By: Sheila Kun RN, BSN, MS, CPN, FCCP
Abstracting from Raymond J. Kotwicki, MD, MPH, Charles B. West Chief Medical Officer, let us continue to explore the topic of sleep and thought disorders.
Sleep and Thought Disorders
Some researchers point to a potential correlation between lack of restorative sleep and thought disorders like schizophrenia (a long-term mental disorder of a type involving a breakdown in the relation between thought, emotion, and behavior, leading to faulty perception, inappropriate actions and feelings, withdrawal from reality and personal relationships into fantasy and delusion, and a sense of mental fragmentation.) For individuals with a genetic predisposition for schizophrenia, sleep disruption may contribute to the development of symptoms like hallucinations and delusions.

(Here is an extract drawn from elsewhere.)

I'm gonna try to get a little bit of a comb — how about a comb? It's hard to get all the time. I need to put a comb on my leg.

Without regular deep stage sleep, the brain is unable to “prune” the connections between neurons that have associated a thought with an image or sound, for example. Over time, the association becomes hardwired and may manifest as a visual or auditory hallucination or a delusion, which are cardinal symptoms of schizophrenia.
Sleep and PTSD
People who have experienced trauma sometimes experience night terrors, which are especially frightening and vivid nightmares. During a night terror, a trauma survivor might re-experience the trauma or a more generalized terrifying scenario. In fact, sleep disturbance is the most common medical complaint among veterans with PTSD.

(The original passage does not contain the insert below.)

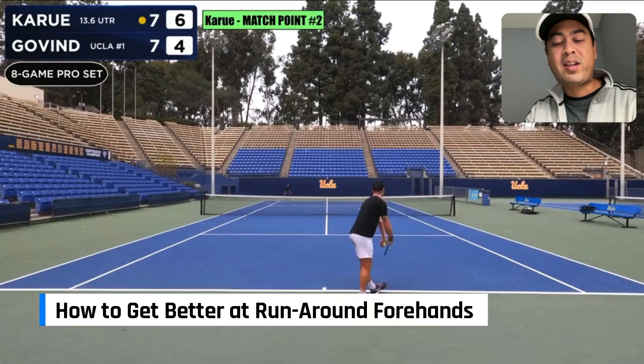So you want to get better at running around your backhand to hit your forehand? Well there is a good way of going about it first.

Night terrors can drive an unhealthy pattern of behavior in which a trauma survivor is anxious about falling asleep because they don’t want to experience a night terror. After falling asleep, they have a night terror and wake up in a highly stimulated and emotional state. They often are unable to fall back asleep, and some individuals may use alcohol or other unhealthy strategies to cope with the resultant anxiety. Without deep sleep, the frightening memories and associations continue to become hardwired in the brain and start to affect thinking and behaviors, which can impact an individual’s ability to function.
Exposure with response prevention (ERP treatment) may be indicated to help alleviate PTSD symptoms, including night terrors. As the night terrors fade, individuals with PTSD can focus on developing healthy sleep habits and start benefiting from restorative sleep.